The list of necessary improvements to the legislative process is not new. Congress should spend more time in session; the minority party should be given the right to offer substantive amendments and in exchange resist the temptation to filibuster or otherwise slow down the process; the White House should meet regularly with leaders from both parties and committees should be empowered to drive the development of legislation.
But there is one more change that would help get Washington moving again: Lighten up on lobbyists.
On his first day in office, Obama had signed an executive order designed to rein in lobbyists who, in his words, “promote their own interests over the interests of the American people.” The order sharply limited lobbyists’ access to the White House, precluded lobbyists from serving in his administration and barred them from serving on the more than 1,000 expert boards that advise the administration.
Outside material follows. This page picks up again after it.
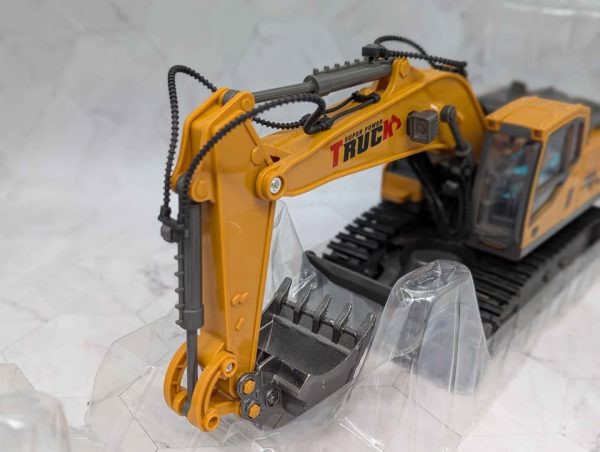 Excavator Remote Control Alloy Spray Excavator 2.4Ghz - BP383101 - Image 3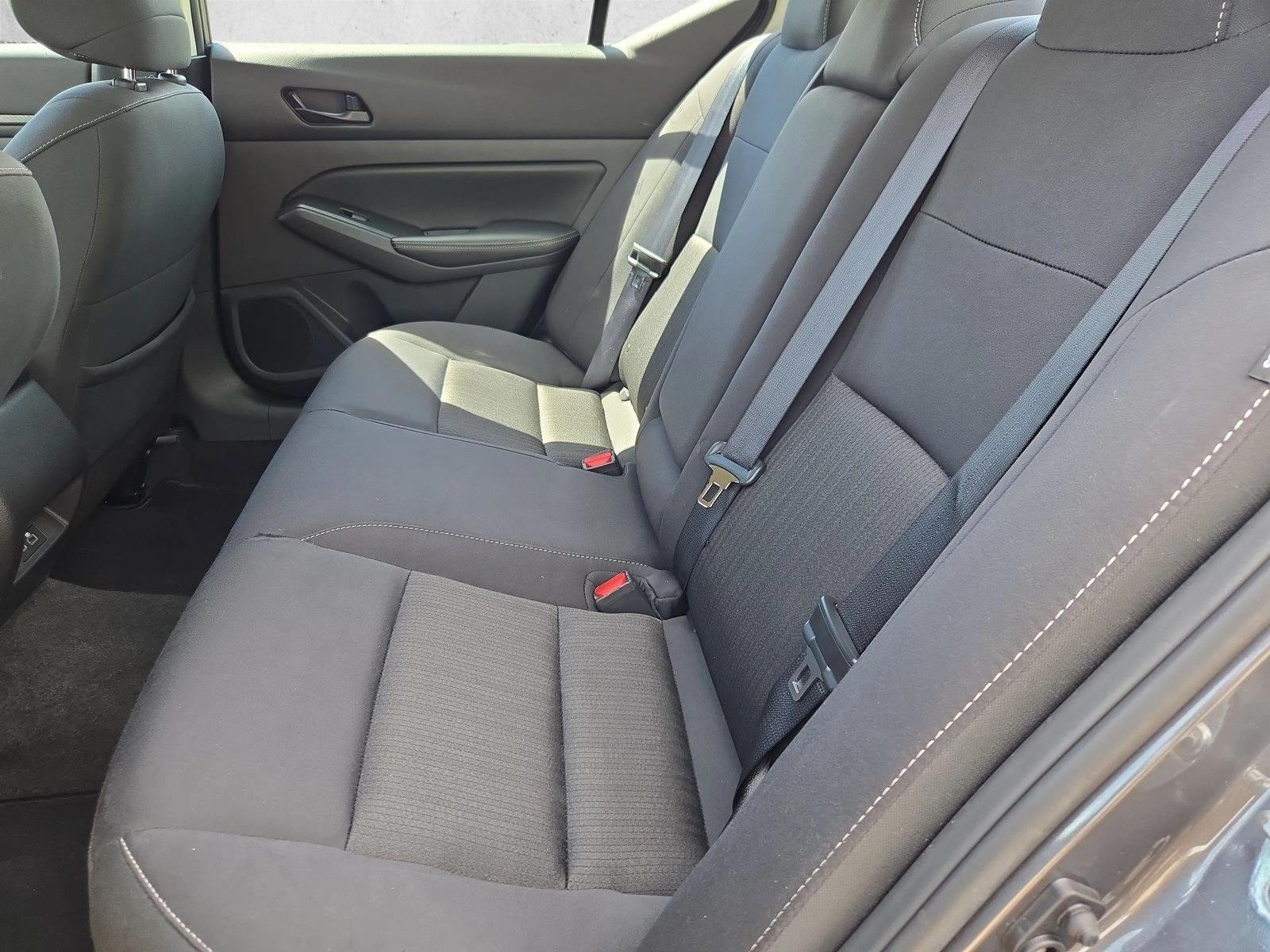 2025 Nissan Altima SV - Photo 16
The administration’s widely advertised anti-lobbyist posture has been politically strategic building on dark views of the lobbying profession stoked by the Abramoff scandal and presumption of rampant self-dealing in and around our government. Although Jack Abramoff was a con man who happened to be a lobbyist, Congress responded to his criminal behavior by layering an array of new requirements on existing rules, largely to ensure that lobbyists register and report on their activities. The administration’s follow-up efforts have not only excluded talented people, but ironically discouraged reporting and encouraged those seeking to serve in government to skirt the rules. Hundreds of former lobbyists have “deregistered” while doing largely the same work as “consultants” or “strategic advisers.” It turns out that people are less inclined to scrupulously report their activities if they are penalized for doing so.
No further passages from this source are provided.